The early development and application of these ideas have focused heavily on the hospital setting, where drug shortages have been particularly common and acute.

The central goal of these transparency initiatives is to equip institutional buyers with metrics that help them identify manufacturers capable of reliably delivering products. This focus is distinct from typical product quality measures; it is about shifting demand toward manufacturers with stronger records of supply chain reliability. By doing so, the overall stability and resilience of the pharmaceutical supply chain can be strengthened as demand incentivizes better performance.

Efforts to create such metrics are not new. As early as 2012, the concept was first proposed in a research paper I coauthored with then-FDA Drug Center Director Janet Woodcock. This work has since evolved into three key programs aimed at measuring and reporting on manufacturer quality and supply reliability, including the FDA Quality Management Maturity (QMM) assessments, Healthcare Industry Resilience Collaborative (HIRC), and US Pharmacopeia’s (USP) quality testing and resiliency benchmarking programs. All these remain in early or pilot phases.
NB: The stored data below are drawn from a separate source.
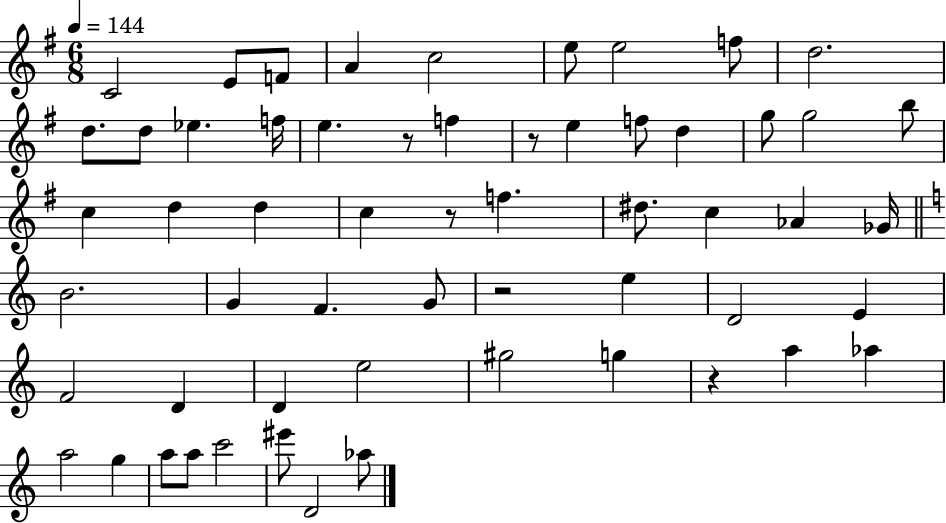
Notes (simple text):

C4/h E4/e F4/e A4/q C5/h E5/e E5/h F5/e D5/h. D5/e. D5/e Eb5/q. F5/s E5/q. R/e F5/q R/e E5/q F5/e D5/q G5/e G5/h B5/e C5/q D5/q D5/q C5/q R/e F5/q. D#5/e. C5/q Ab4/q Gb4/s B4/h. G4/q F4/q. G4/e R/h E5/q D4/h E4/q F4/h D4/q D4/q E5/h G#5/h G5/q R/q A5/q Ab5/q A5/h G5/q A5/e A5/e C6/h EIS6/e D4/h Ab5/e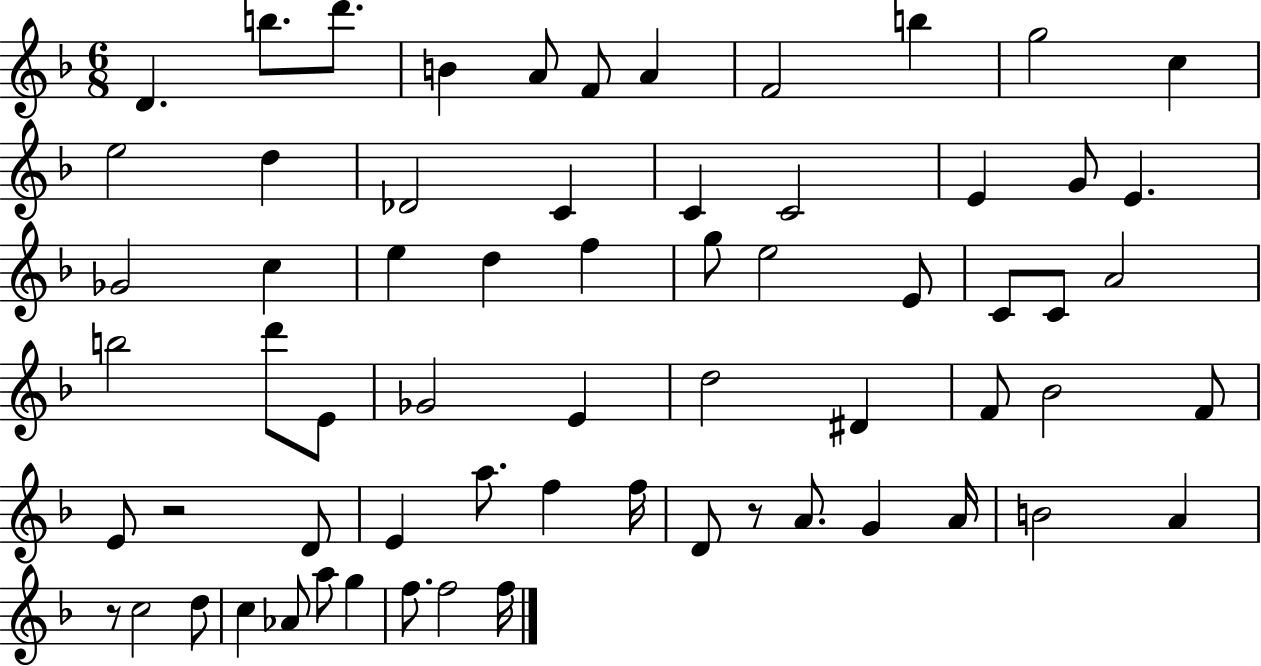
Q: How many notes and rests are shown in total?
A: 65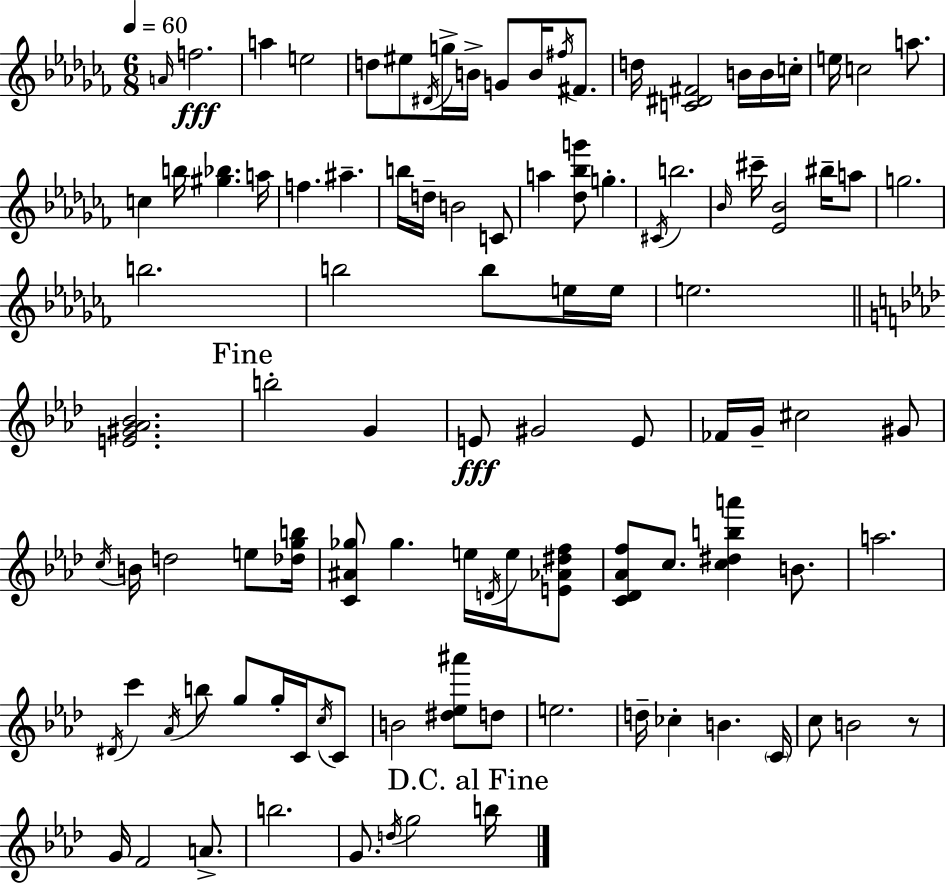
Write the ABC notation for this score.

X:1
T:Untitled
M:6/8
L:1/4
K:Abm
A/4 f2 a e2 d/2 ^e/2 ^D/4 g/4 B/4 G/2 B/4 ^f/4 ^F/2 d/4 [C^D^F]2 B/4 B/4 c/4 e/4 c2 a/2 c b/4 [^g_b] a/4 f ^a b/4 d/4 B2 C/2 a [_d_bg']/2 g ^C/4 b2 _B/4 ^c'/4 [_E_B]2 ^b/4 a/2 g2 b2 b2 b/2 e/4 e/4 e2 [E^G_A_B]2 b2 G E/2 ^G2 E/2 _F/4 G/4 ^c2 ^G/2 c/4 B/4 d2 e/2 [_dgb]/4 [C^A_g]/2 _g e/4 D/4 e/4 [E_A^df]/2 [C_D_Af]/2 c/2 [c^dba'] B/2 a2 ^D/4 c' _A/4 b/2 g/2 g/4 C/4 c/4 C/2 B2 [^d_e^a']/2 d/2 e2 d/4 _c B C/4 c/2 B2 z/2 G/4 F2 A/2 b2 G/2 d/4 g2 b/4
Their eventual adoption, implementation, and influence on the market are not yet certain. Nevertheless, their shared aspiration is to drive market incentives toward a more robust and reliable drug supply.

Addressing this gap, some entities like Civica Rx operate with a different model, vetting manufacturers rigorously before entering into long-term supply agreements, thereby providing member hospitals with a dependable drug supply as well as encouraging manufacturers to maintain high reliability standards.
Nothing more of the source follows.